(Stored data)

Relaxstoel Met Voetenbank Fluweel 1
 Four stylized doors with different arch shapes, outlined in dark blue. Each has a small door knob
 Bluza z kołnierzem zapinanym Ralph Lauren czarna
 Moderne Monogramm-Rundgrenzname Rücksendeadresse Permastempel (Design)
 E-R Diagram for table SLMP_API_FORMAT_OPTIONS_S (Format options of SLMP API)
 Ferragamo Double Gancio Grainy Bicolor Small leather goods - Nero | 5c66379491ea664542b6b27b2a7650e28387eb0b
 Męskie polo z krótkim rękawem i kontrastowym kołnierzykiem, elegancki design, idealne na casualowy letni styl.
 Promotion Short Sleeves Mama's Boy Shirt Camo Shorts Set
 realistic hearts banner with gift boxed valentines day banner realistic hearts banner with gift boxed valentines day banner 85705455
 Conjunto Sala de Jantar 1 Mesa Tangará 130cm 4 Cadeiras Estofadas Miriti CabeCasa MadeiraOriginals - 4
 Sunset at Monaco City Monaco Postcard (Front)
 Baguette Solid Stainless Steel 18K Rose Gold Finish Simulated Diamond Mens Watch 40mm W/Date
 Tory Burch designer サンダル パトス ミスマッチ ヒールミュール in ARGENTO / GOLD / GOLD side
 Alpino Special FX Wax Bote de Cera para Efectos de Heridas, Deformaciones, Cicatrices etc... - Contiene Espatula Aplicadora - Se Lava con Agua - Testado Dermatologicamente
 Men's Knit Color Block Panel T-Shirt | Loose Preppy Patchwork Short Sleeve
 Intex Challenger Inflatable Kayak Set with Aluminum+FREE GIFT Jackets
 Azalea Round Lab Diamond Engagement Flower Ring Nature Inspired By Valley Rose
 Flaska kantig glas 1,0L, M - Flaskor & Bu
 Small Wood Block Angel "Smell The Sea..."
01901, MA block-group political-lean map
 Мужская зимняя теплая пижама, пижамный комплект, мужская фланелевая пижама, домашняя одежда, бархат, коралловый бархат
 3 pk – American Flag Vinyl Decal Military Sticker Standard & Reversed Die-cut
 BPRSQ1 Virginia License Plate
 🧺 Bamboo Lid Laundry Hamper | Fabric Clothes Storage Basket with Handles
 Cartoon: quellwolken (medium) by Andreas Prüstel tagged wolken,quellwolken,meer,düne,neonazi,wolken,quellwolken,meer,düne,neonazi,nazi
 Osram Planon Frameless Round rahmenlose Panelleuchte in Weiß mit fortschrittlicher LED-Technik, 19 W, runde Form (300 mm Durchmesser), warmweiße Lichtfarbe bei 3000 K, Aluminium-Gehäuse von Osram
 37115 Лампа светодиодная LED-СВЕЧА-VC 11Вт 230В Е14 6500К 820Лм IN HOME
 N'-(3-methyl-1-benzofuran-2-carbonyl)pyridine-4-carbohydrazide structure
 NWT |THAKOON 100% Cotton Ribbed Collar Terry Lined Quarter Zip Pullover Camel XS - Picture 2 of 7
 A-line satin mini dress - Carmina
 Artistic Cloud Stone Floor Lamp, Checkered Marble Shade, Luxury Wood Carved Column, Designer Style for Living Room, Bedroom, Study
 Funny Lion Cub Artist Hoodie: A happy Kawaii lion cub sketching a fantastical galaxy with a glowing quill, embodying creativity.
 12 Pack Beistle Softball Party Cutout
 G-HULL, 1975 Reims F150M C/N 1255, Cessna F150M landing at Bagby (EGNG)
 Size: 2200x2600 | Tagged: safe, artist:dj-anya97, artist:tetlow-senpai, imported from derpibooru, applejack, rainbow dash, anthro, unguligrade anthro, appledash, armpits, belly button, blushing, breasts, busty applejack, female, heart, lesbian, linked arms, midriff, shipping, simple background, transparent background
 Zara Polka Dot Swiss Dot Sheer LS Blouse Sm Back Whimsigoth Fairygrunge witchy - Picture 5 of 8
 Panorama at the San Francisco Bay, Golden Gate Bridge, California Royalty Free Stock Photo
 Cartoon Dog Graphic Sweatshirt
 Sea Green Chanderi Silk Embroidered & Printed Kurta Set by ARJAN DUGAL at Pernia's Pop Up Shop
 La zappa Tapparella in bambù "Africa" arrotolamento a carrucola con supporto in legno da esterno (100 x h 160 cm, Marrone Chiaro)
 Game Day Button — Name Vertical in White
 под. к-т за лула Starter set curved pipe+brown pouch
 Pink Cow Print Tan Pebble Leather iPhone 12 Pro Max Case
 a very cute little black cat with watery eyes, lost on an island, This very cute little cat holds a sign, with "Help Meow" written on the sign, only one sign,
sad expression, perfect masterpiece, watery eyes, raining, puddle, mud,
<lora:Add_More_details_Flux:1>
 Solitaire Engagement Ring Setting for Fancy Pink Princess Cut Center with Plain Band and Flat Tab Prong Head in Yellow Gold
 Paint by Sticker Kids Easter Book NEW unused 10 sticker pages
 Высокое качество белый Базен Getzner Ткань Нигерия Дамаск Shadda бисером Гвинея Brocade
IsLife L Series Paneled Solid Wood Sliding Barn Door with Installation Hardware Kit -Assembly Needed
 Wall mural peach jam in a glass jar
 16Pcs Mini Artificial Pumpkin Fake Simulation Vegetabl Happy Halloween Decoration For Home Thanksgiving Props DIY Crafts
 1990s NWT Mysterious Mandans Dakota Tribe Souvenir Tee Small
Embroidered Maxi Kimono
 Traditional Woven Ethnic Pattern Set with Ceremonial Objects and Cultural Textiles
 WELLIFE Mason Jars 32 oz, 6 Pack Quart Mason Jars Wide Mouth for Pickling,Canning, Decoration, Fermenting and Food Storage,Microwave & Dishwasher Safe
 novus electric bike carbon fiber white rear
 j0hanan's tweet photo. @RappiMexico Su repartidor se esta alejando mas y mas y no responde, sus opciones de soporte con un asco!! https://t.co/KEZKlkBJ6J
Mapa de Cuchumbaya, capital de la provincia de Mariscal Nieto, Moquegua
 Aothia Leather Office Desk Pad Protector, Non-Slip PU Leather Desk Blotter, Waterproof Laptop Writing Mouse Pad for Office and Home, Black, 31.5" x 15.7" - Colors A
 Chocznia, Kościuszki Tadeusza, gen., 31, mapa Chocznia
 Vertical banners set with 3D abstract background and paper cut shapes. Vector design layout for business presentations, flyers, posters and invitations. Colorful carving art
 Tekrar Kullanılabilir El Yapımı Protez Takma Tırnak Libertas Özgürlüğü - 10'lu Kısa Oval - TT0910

*Problem*
Copy the lines of the data above exactly as written, beginning with the line containing "Flaska kantig glas 1,0L, M - Flaskor & Bu" and ending with the line containing "BPRSQ1 Virginia License Plate", and leave out all other lines.

*Task solution*
 Flaska kantig glas 1,0L, M - Flaskor & Bu
 Small Wood Block Angel "Smell The Sea..."
01901, MA block-group political-lean map
 Мужская зимняя теплая пижама, пижамный комплект, мужская фланелевая пижама, домашняя одежда, бархат, коралловый бархат
 3 pk – American Flag Vinyl Decal Military Sticker Standard & Reversed Die-cut
 BPRSQ1 Virginia License Plate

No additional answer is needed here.